Assunção - Oito especialistas do FBI (a polícia federal dos EUA) vêm inspecionando detalhadamente as instalações do supermercado Ycuá Bolanos para se certificar de que o centro comercial não foi alvo de um atentado terrorista.
Três técnicos fizeram uma vistoria preliminar na terça-feira, acompanhados por um policial colombiano e de peritos locais. Ontem, foram incorporados à perícia outros cinco especialistas americanos.

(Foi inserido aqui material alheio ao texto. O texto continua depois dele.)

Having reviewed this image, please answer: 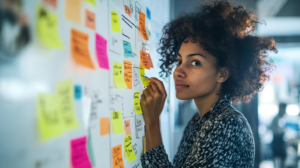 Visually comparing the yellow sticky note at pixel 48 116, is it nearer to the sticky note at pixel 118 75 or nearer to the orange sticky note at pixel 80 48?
the orange sticky note at pixel 80 48

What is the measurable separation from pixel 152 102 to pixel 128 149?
231mm

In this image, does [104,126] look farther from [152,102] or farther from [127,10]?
[127,10]

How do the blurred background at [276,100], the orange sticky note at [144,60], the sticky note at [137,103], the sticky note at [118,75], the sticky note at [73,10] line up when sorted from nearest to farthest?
1. the sticky note at [73,10]
2. the sticky note at [118,75]
3. the sticky note at [137,103]
4. the orange sticky note at [144,60]
5. the blurred background at [276,100]

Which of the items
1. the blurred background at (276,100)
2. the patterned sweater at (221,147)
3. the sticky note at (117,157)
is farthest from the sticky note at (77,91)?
the blurred background at (276,100)

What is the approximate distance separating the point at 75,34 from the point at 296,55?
18.6 ft

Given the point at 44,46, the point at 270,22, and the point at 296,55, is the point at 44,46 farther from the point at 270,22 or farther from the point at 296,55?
the point at 296,55

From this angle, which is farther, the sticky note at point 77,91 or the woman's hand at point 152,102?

O ministro do Interior, Orlando Fiorotto, voltou a descartar a hipótese de atentado. As suspeitas em torno de um possível ataque terrorista começaram depois que foi constatado que uma caminhonete, parada no estacionamento subterrâneo, teve as portas violentamente arrancadas.
Um porta-voz do corpo de bombeiros, no entanto, explicou que alguns carros tiveram as portas forçadas pelos próprios bombeiros na tentativa de salvar sobreviventes. Cerca de 15 veículos foram danificados por cauda da força do calor e do fogo. O chefe de Segurança Pública do Governo, comissário Eustaquio Colman, assegurou que não há sinais de explosão de bombas no estacionamento.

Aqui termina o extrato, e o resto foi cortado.